Luke Dempsey on the bid of his side St Joseph’s Rochfortbridge to land their first provincial title today.

St Joseph's manager Luke Dempsey
St Joseph's manager Luke Dempsey
Image: Tommy Grealy/INPHO

A LIFE SPENT working with county setups, involved with club sides and guiding the fortunes of school teams.

And yet the 2020 season threw up a fresh fixture scenario that Luke Dempsey had never encountered before.

On Monday 2 March he watched from the sideline as his St Joseph’s Rochfortbridge side got past Dublin’s Coláiste Eoin. Semi-final spoils in the bag and final place secured at the elite level of Leinster schools football.

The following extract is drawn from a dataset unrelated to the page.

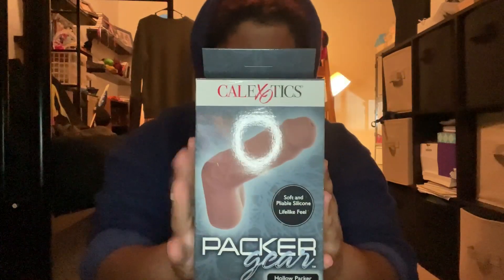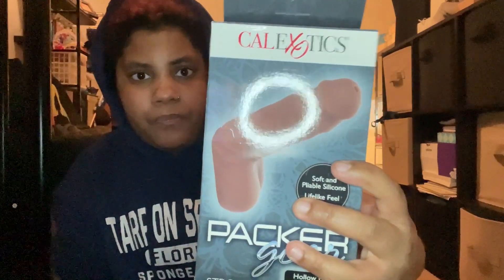Here's the box. This is a hollow packer with STP functionality. I really like the packaging — this is what the cover looks like. I've never had anything from Cal Exotics before. It says: hygienically superior silicone sculpted to fit securely in your perfect harness, soft and comfortable, body-safe, unscented, and phthalate-free.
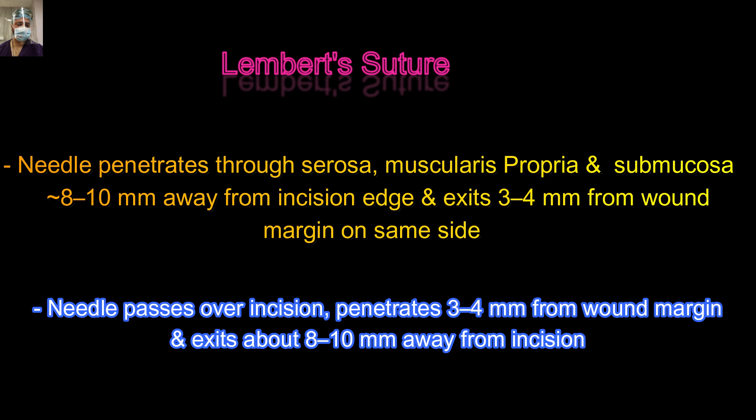For taking a Lambert suture, we penetrate the serosa, muscularis propria and the submucosa approximately 8 to 10 mm from the cut edge, and then we come out on the same side.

The following week the country’s schools were closed and the Covid-enforced lockdown soon kicked in.

137 days later the trophy will be up for grabs today in Tullamore as the Westmeath school chase their maiden crown against reigning champions Naas CBS.

“We were always very optimistic that the final would be played at some stage,” says Dempsey.

“I thought from the outset the GAA were great, they gave hope that football would be there later in the year. We were very hopeful, working closely with Noel Delaney, the Leinster schools rep, that gave good assistance that we’d get to play the final.”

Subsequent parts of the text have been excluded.